Time on Earth is not free from relativistic effects, but the scale of movement on Earth is too small for these relativistic effects to have any bearing on human history. Thus on Earth we have a shared temporal framework in which the infinitely branching structure of time is effectively irrelevant and becomes a rounding error so small that most calculations will never take it into account. However, on cosmological scales, relativistic effects start to matter, and if we ever possess the technology to move at relativistic speeds, then human history will start to be affected by the infinitely branching temporalities of history that is unevenly accelerated. At first, this will only show up as a gray area in which the differences will not matter all that much — differences of a few days, weeks, months, or years. Allowed to continue, however, the differences would accumulate, and then new spatiotemporal centers would be increasingly alienated terrestrial temporality, until they defined their own history separate from Earth. This was the point of my recent essay “The Coming Coeval Age.” At present we are a long way from realizing this in its most radical form (using relativistic spacecraft to reach other planetary systems), but we aren’t far at all from separate off-world settlements that go their own way and are increasingly alienated from terrestrial norms.

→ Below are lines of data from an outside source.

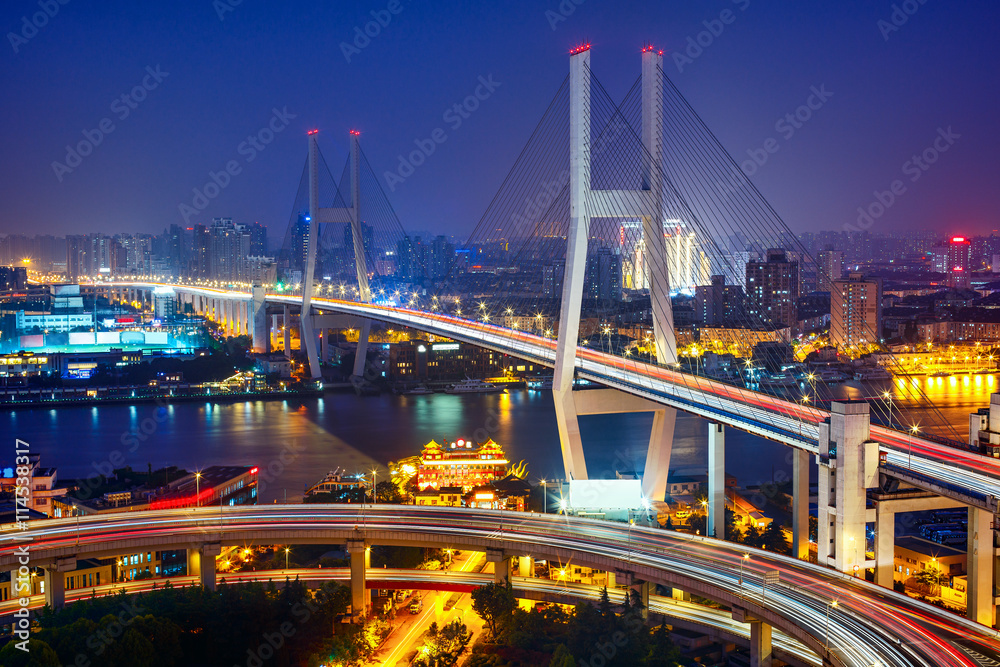 Fantastic view over the Nanpu bridge in Shanghai, China. Scenic nighttime skyline.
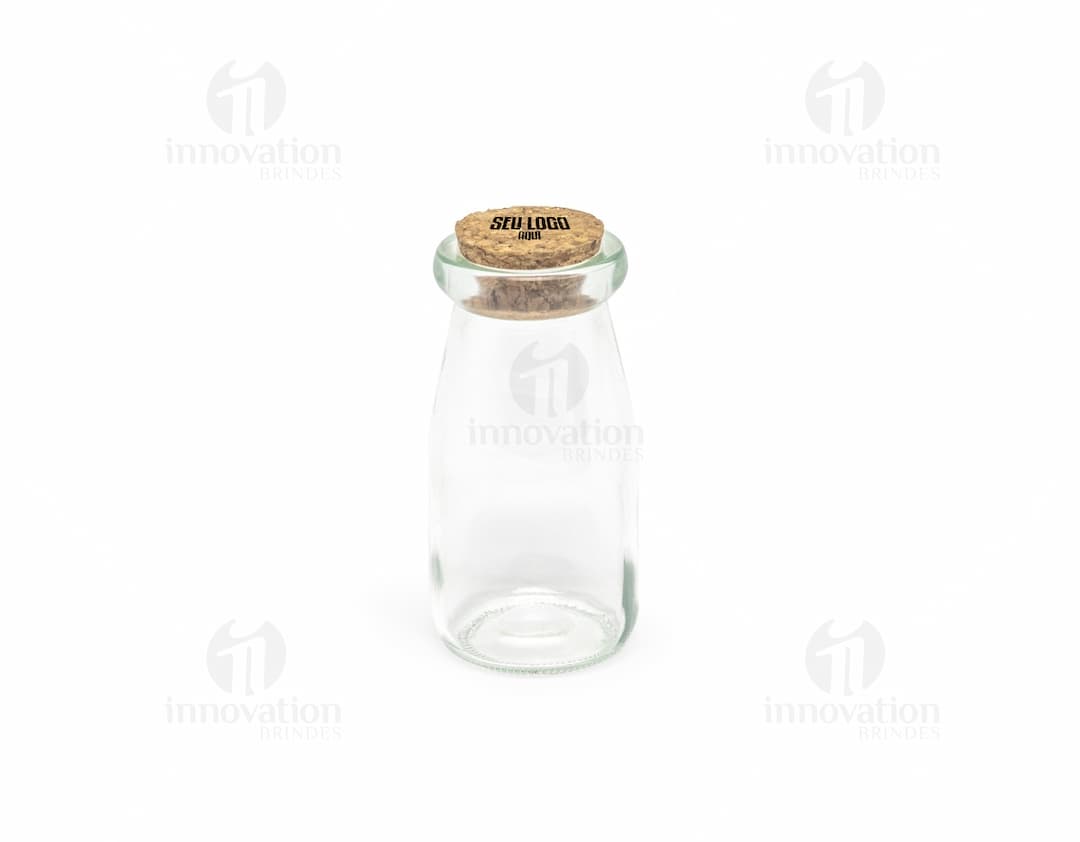 Frasco de vidro transparente de 100ml com tampa de metal, vazio e com rótulo em branco. O frasco pode ser usado para armazenar líquidos como água, leite, remédios ou produtos cosméticos. Ideal para manter a saúde e higiene, mantendo os produtos frescos e puros.
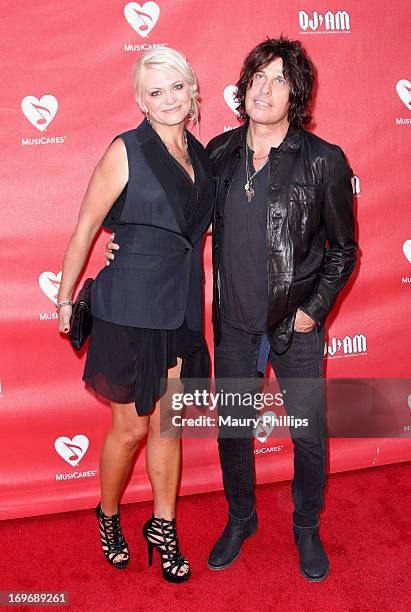 Guitarist Dean DeLeo of Stone Temple Pilots and Jenn DeLeo attend the 2013 MusiCares MAP Fund Benefit Concert honoring Chester Bennington and Tony...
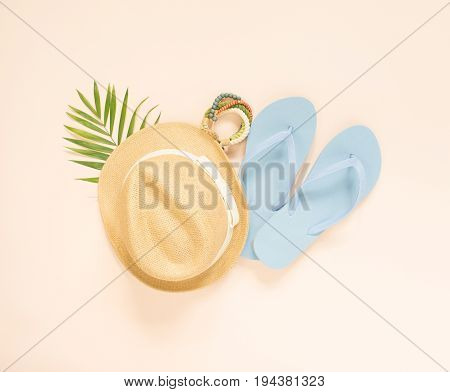 Summer fashion summer outfit on cream background. Blue flip flops seashell wood bracelet and straw hat. Flat lay top view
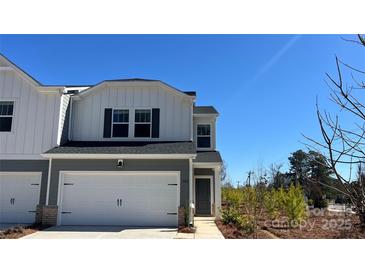 Charming two-story home with a two-car garage and modern architectural details at 1602 Village Grove Ln, Monroe, NC 28110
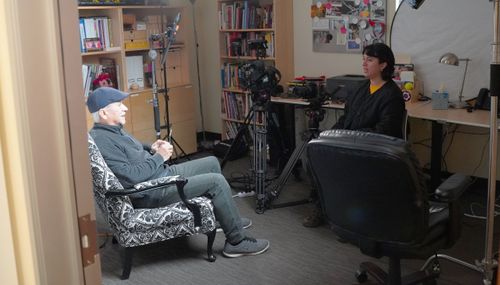 A photo taken from outside of a small room. Inside, a man with white hair and dark clothes sits on an armchair, facing a woman seated in the shadows.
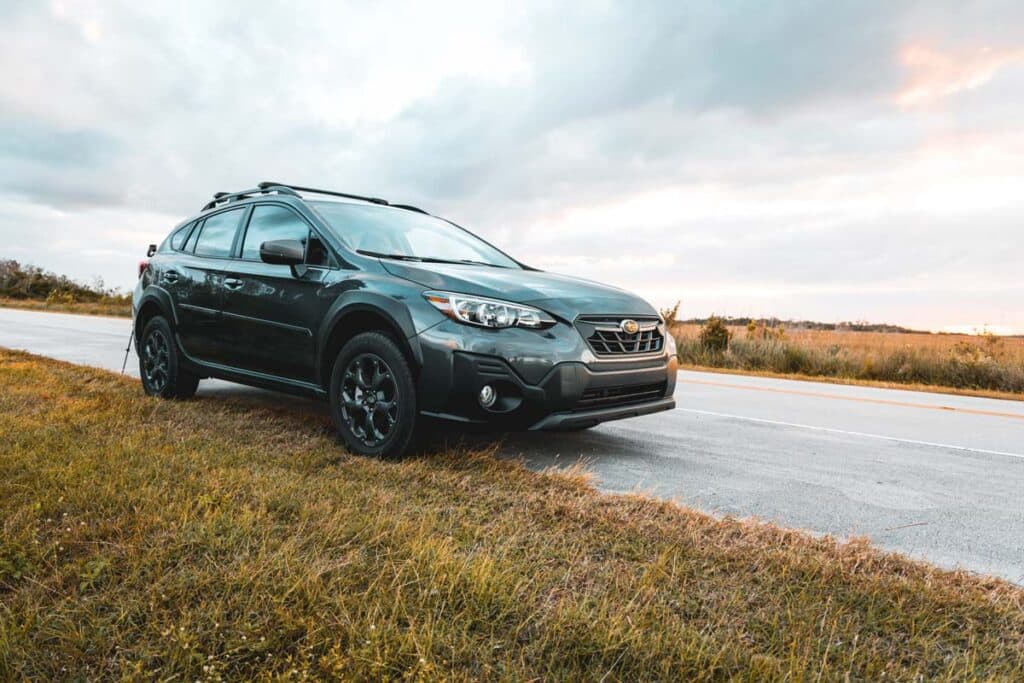 A 2021 Subaru Crosstrek Sport on an isolated road, representing the Subaru class action.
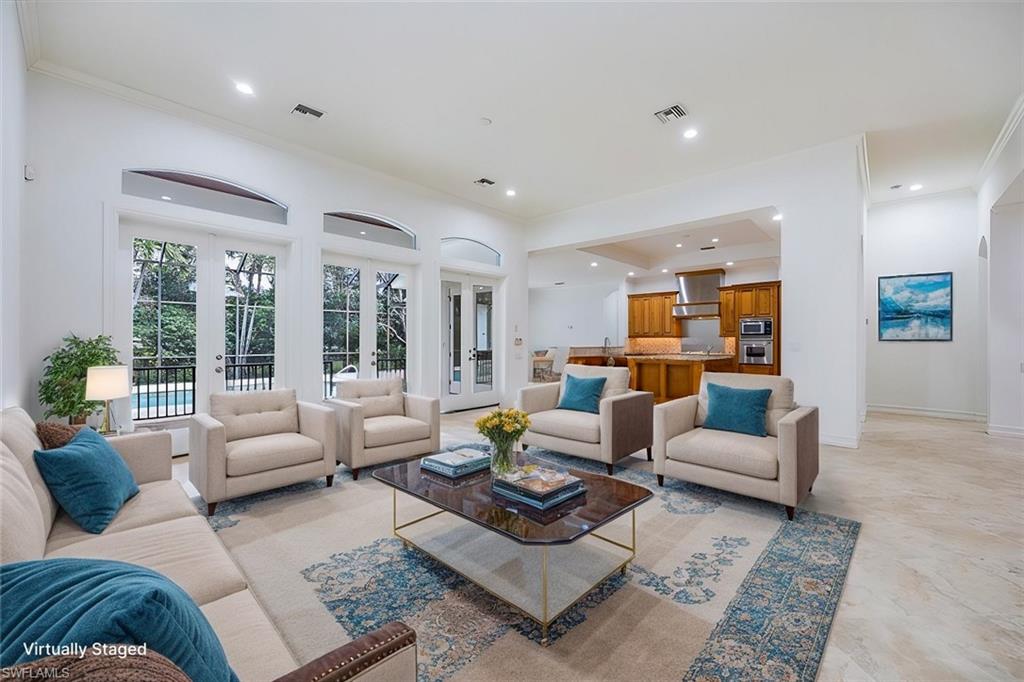 3110 Crayton Road Naples, FL 34103 - Photo 2 of 38 Virtually Staged - Great room with access to the kitchen and the pool/spa/lanai thru french doors.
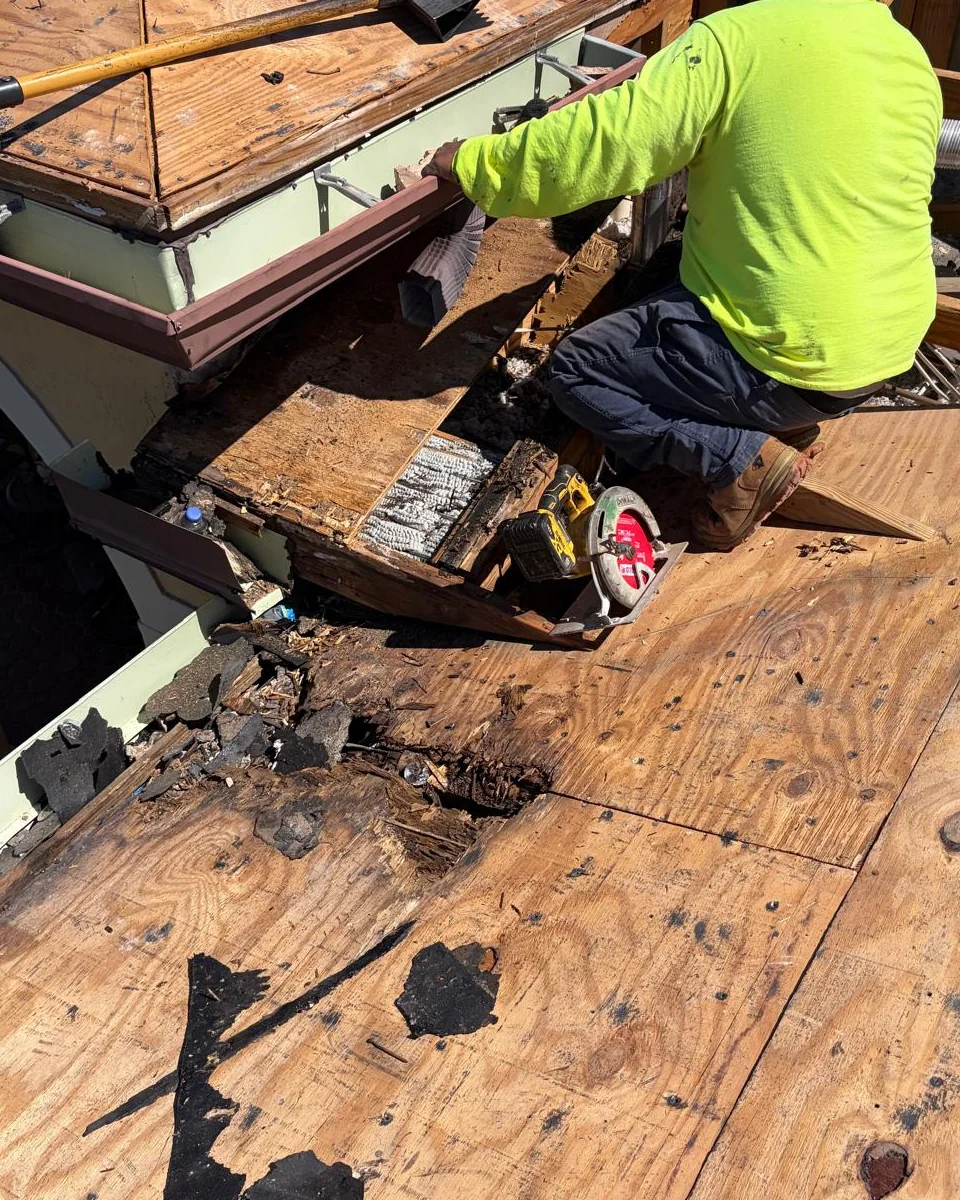 Rotted roof decking and eave wood exposed during a Miramar tile reroof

The compounding of (relatively) isolated epistemic enclaves on Earth with the possibilities of relativistic spatiotemporal enclaves, which will also become epistemic enclaves in turn, will raise the complexity of human history beyond its current incalculable threshold. As we have seen, there can be a blurring and a rounding that makes it possible for communal life to continue despite differences in detail, and we can even imagine a blurring and a rounding on a greater scale that allows some kind of shared epistemic framework on a cosmological scale, but this would take us so far from the concrete realities of human life that it is questionable whether this could ever be meaningful or relevant. One can imagine the Encyclopedia Galactica as an epistemic framework on a cosmological scale, but we can also recall Carl Sagan’s human, all-to-human (or even Cold War, all-too-Cold war) presentation of the Encyclopedia Galactica.